Recursive self-improvement
Key points from Jack Clark's latest Import AI essay. His core claim: there's a 60%+ chance that "human-out-of-the-loop AI R&D" — a system that can train its own successor — appears before the end of 2028. The argument isn't based on a single benchmark but on a cumulative effect: SWE-Bench, METR time horizons, CORE-Bench, MLE-Bench, PostTrainBench, kernel optimization, automated alignment research, and AI systems that manage other AI systems. The case is a mosaic of separate pieces that are starting to connect into a loop.
Forward Deployed Engineers
OpenAI announced the OpenAI Deployment Company, a new entity to help organizations integrate AI into daily operations. It places specialized engineers — Forward Deployed Engineers (FDEs) — inside organizations to identify where AI can improve workflows and build systems employees can reliably use day to day. This is the same downstream move other model-makers are running: pushing past the API and into hands-on B2B implementation.

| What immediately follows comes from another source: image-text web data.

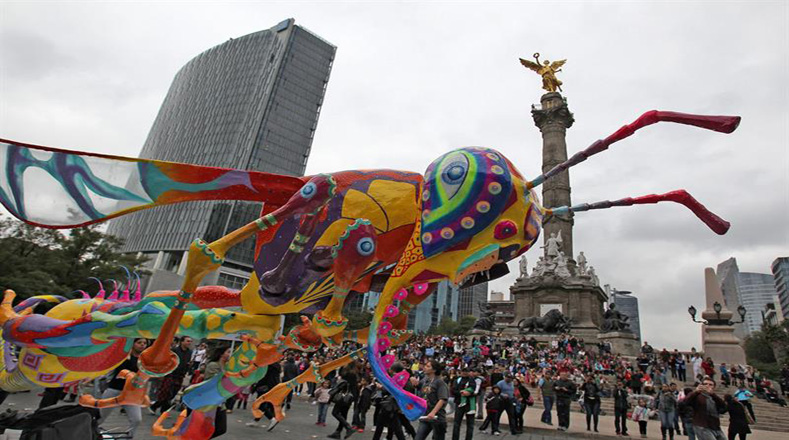 Cientos de personas desfilan del Zócalo al Ángel de la Independencia; para el noveno concurso anual organizado por el Museo de Arte Contemporáneo.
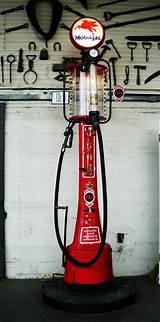 Pictures of Antique Visible Gas Pumps For Sale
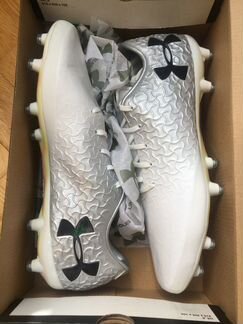Бутсы с шипами. Under Armour Magnetico Rro FG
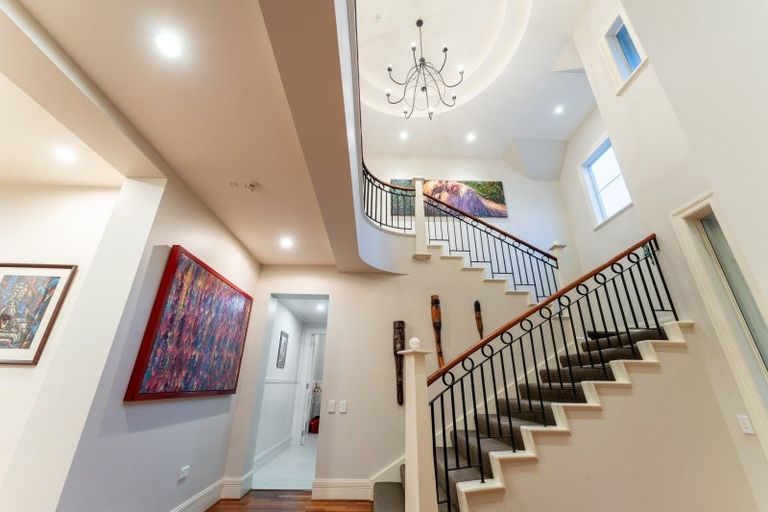 Photo of property in 17 Granville Terrace, Belleknowes, Dunedin, 9011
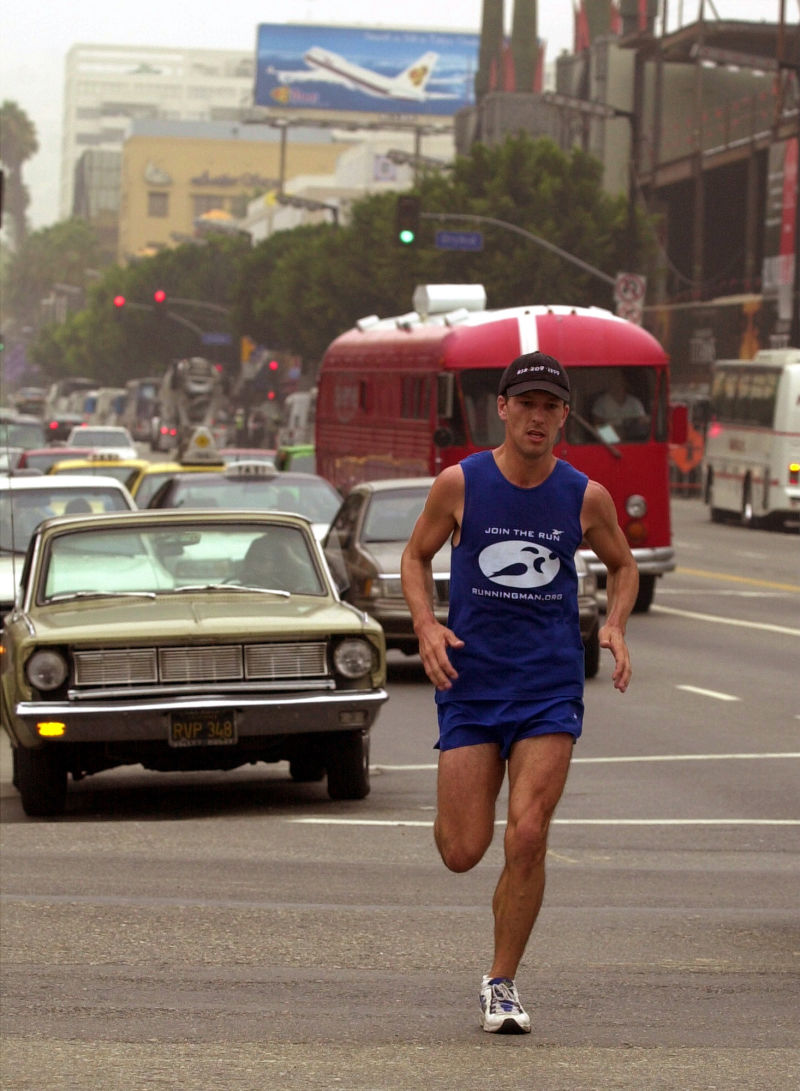 «The Runningman», a façanha (ou a mentira) do primeiro homem a dar a volta ao mundo correndo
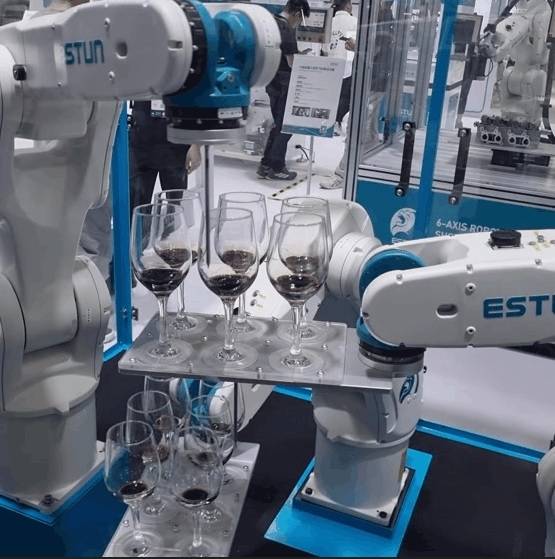 중국 상하이에서 열린 ‘중국국제산업박람회(CIIF) 2025’ 전시장에서 중국 산업로봇 2위 업체 이스툰이 선보인 다관절 로봇팔 ‘ER1200-3300’이 1200kg의 무게 추를 들어올리고 있다. 불과 5초 사이에 1200㎏이나 되는 물건을 약 2m 정도 들어 올린 뒤 흔들림 없이 오른쪽으로 2m 정도 옮겼다. 아래 사진은 이스툰의 로봇팔 두 개가 위 아래 쟁반에 각각 와인이 담긴 6개의 와인잔 사이로 부딪침 없이 움직이는 고정밀의 협동 동작을 구현해내고 있는 모습 김영철 기자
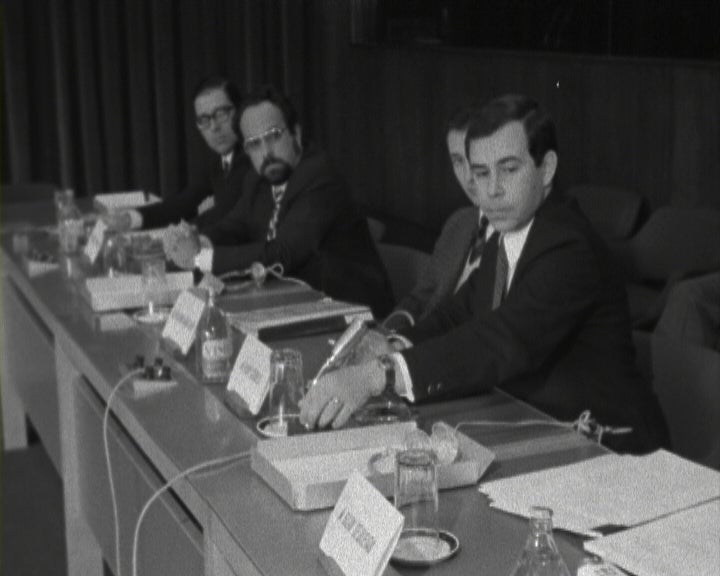 Curso de Reciclagem sobre Economia e Transportes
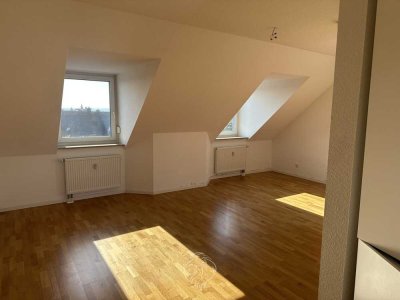 Lichtdurchflutete Mietwohnung mit Balkon, Stellplatz & Kellerabteil in ruhiger Lage am Heuchelhof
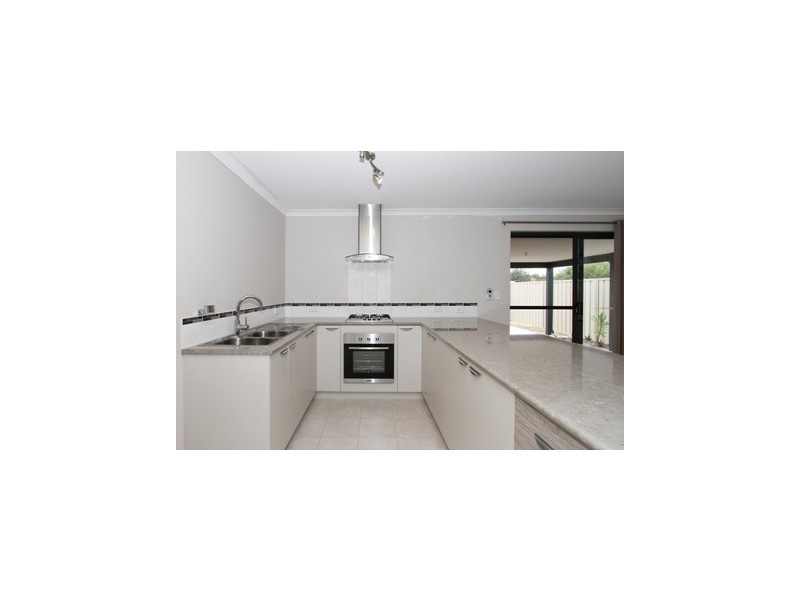 14 Saffron Way, Landsdale WA 6065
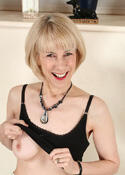 Hazel May photo 7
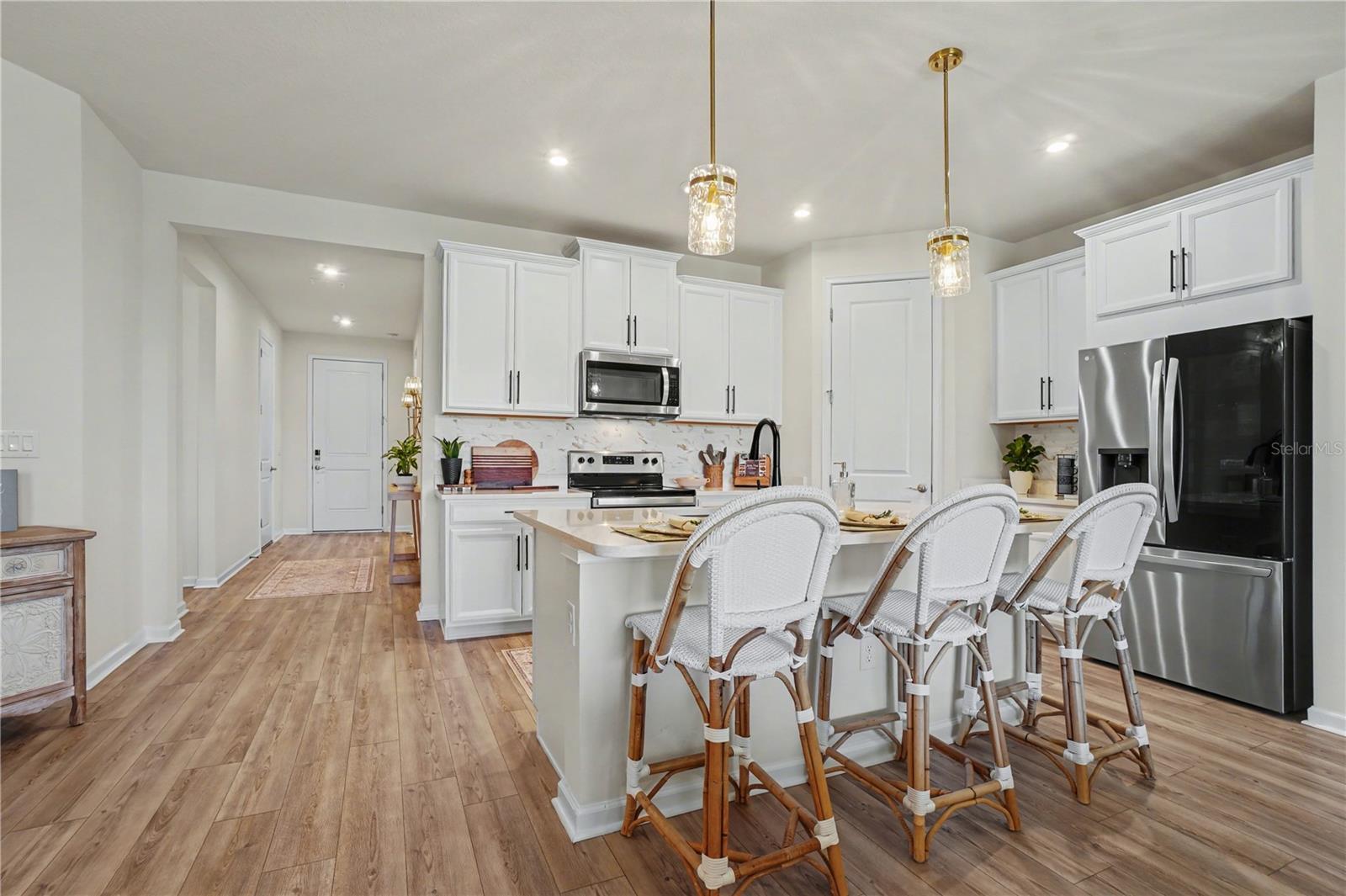 Single Family Residence at 18065 GRAND PROSPERITY DR, VENICE, photo 9 of 36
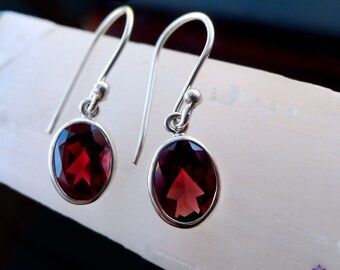 RED GARNET EARRINGS in Sterling Silver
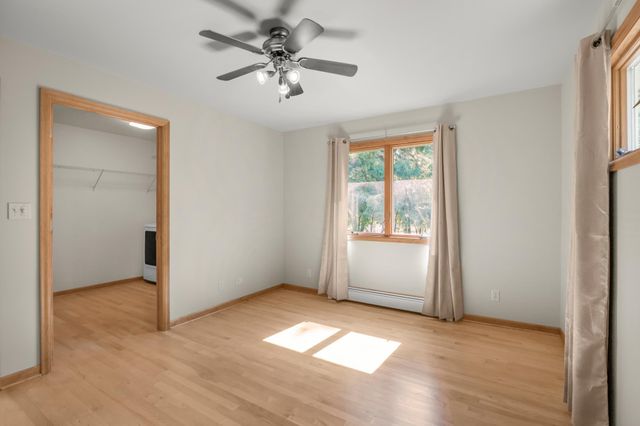 1300 Harbor Lane N, Plymouth, MN 55447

What's happening in Chinese AI / robotics companies
The compute gap between the US and China is only set to grow. US AI companies are just beginning to integrate NVIDIA's Blackwell chips, significantly stronger than anything Chinese companies can legally obtain. While NVIDIA's CEO has claimed Chinese companies already have sufficient compute, the Chinese researchers interviewed were skeptical of that talking point.
Many Chinese companies offer coding plans, often with generous token allowances to pull customers away from Claude Code, but they also pursue more differentiated directions. MiniMax builds high-margin AI companion products; Z.ai pursues B2B partnerships with social media companies, COMAC (the Chinese commercial aircraft maker), and government agencies. Alibaba affiliate Ant Group has carved out a niche in AI-based medical delivery — something that would be a liability and patient-privacy nightmare in the US.
Like the model companies, Unitree's researchers work long hours, but without the same AGI-driven zeal — Unitree's relationship to "AGI" is like a fish needing a bicycle. Another robotics company, Galbot, showed a warehouse where robots autonomously pick cold medicine and contact lenses off shelves and pack them per app-submitted customer orders. Delivery drivers came and went to collect robot-packed orders. Galbot says it completed over a million orders in 2025, 20% of them submitted at night when traditional pharmacies are closed. None of these orders need frontier models or superhuman intelligence — China's robotics ecosystem is using AI and making money under compute constraints. As one observer noted, there's a large class of AI+robotics industrial applications US companies won't notice because the US has lost its industrial base. The pharmacy scenario is genuinely well-suited to robots.
Unitree's revenue used to be dominated by sales to academic research labs, but as its IPO prospectus revealed, that's becoming less true as commercial sales balloon. Some buyers are industrial, but Unitree and Galbot both noted that the plurality of commercial buyers are purchasing robots for entertainment applications. It's surprisingly satisfying to watch a robot dance — or struggle to make coffee. Galbot said it opened over 100 stores last year where robots make beverages. Apparently the novelty sells.